**WORK ORDER**
Omit the pictures and extract only the lines from the line containing "Two month old" to the end of the material, each exactly as written.

**EXERCISE DATA**
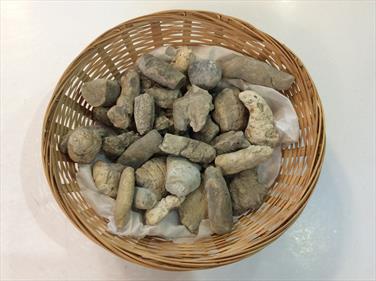 Coprolite small specimens vary in size 4cm x 2 cm Stone Treasures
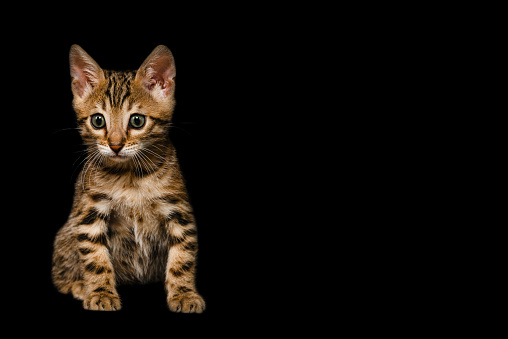 Two month old Bengal kitten on a black background. Fuzzy effect bengal cat.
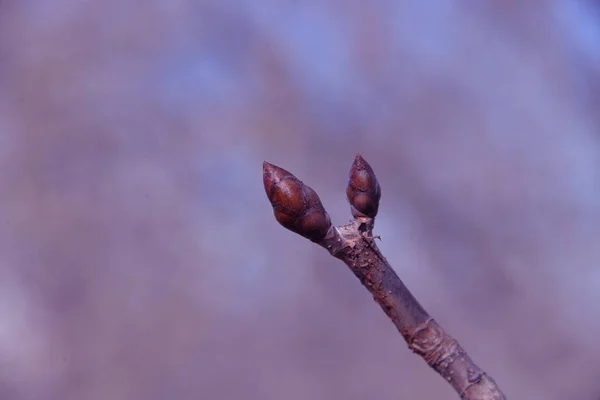 春の小さな桜草が公園や森の中で育ち — ストック写真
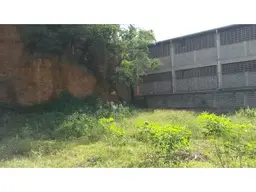 Vista 30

**ANSWER AREA**
 Two month old Bengal kitten on a black background. Fuzzy effect bengal cat.
 春の小さな桜草が公園や森の中で育ち — ストック写真
 Vista 30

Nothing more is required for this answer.